== Segment start ==
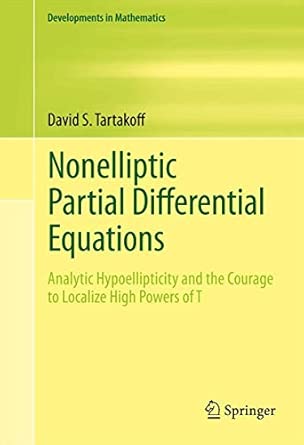 Nonelliptic Partial Differential Equations: Analytic Hypoellipticity and the Courage to Localize High Powers of T: 22 2011th Edition-Wow! eBook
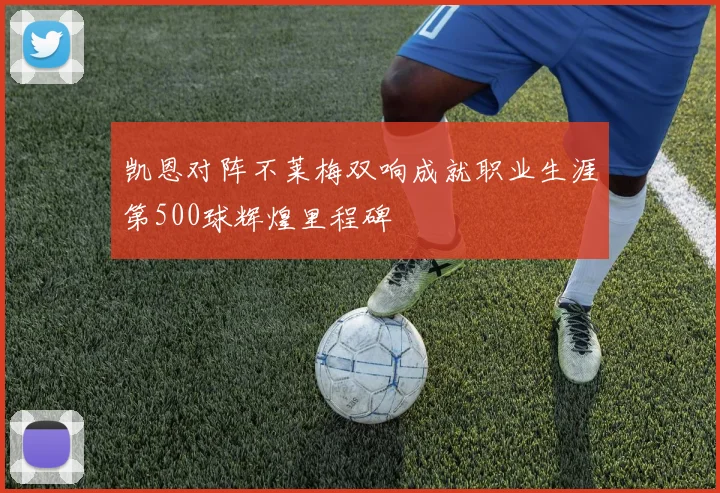 凯恩对阵不莱梅双响成就职业生涯第500球辉煌里程碑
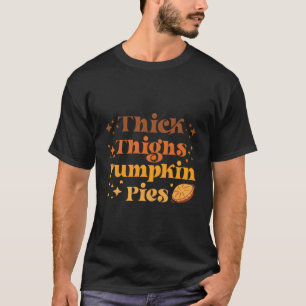 Retro dikke dijen pompoen taarten herfst Thanksgiv T-shirt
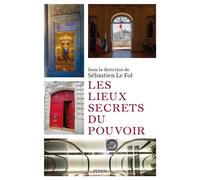 Les lieux secrets du pouvoir - Sébastien Le Fol - Perrin - broché - Essai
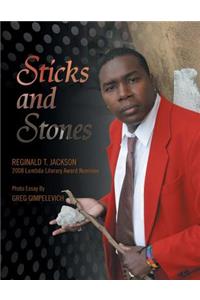 Sticks and Stones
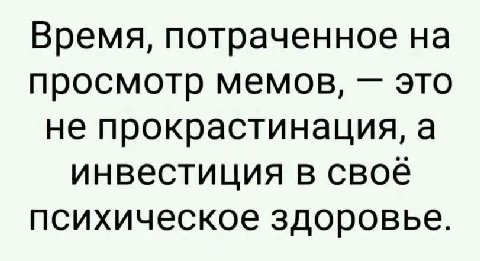Время, потраченное на просмотр мемов, это не прокрастинация, а инвестиция в своё психическое здоровье.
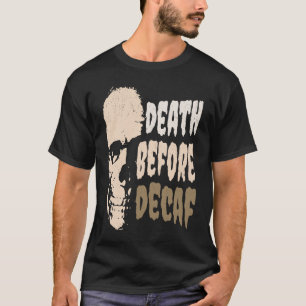 Vintage Death before Decaf Coffee Addict Skeleton T-Shirt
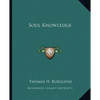 Soul Knowledge - Paperback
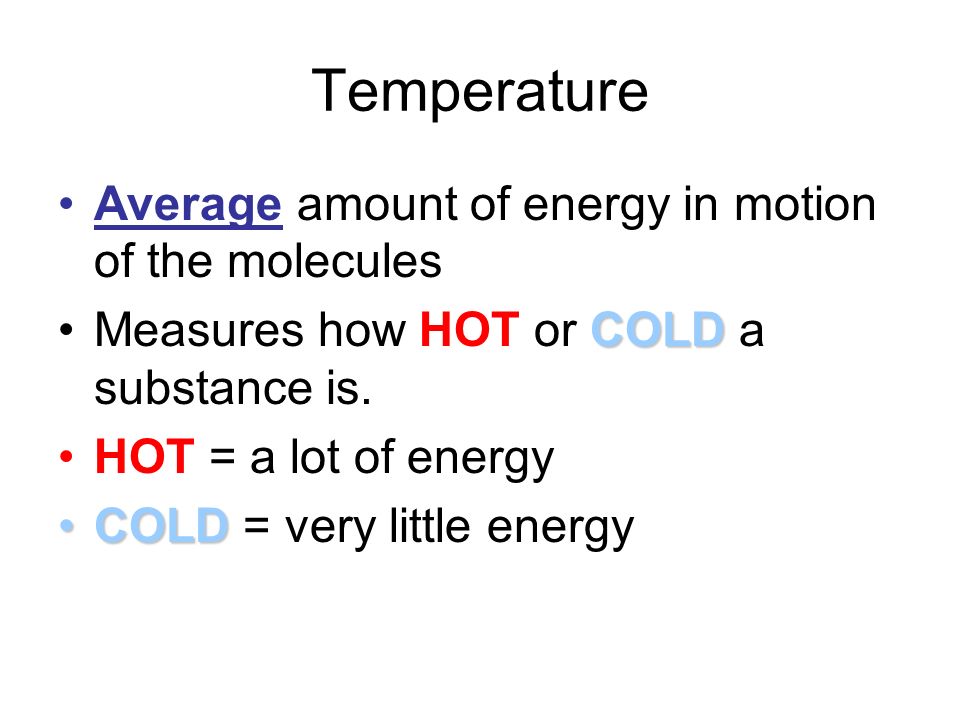 Temperature Average amount of energy in motion of the molecules COLDMeasures how HOT or COLD a substance is.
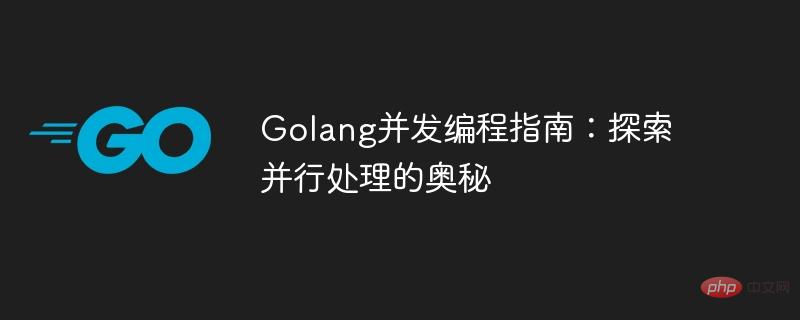 Golang Concurrency Programming Guide: Exploring the Mysteries of Parallel Processing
== Segment end ==
> _Task goal_: Each line from the one containing "Время, потраченное на" through the last line of the data should be written out exactly. Skip the pictures, and add no other lines.

> _Solved problem_:
Время, потраченное на просмотр мемов, это не прокрастинация, а инвестиция в своё психическое здоровье.
 Vintage Death before Decaf Coffee Addict Skeleton T-Shirt
 Soul Knowledge - Paperback
 Temperature Average amount of energy in motion of the molecules COLDMeasures how HOT or COLD a substance is.
 Golang Concurrency Programming Guide: Exploring the Mysteries of Parallel Processing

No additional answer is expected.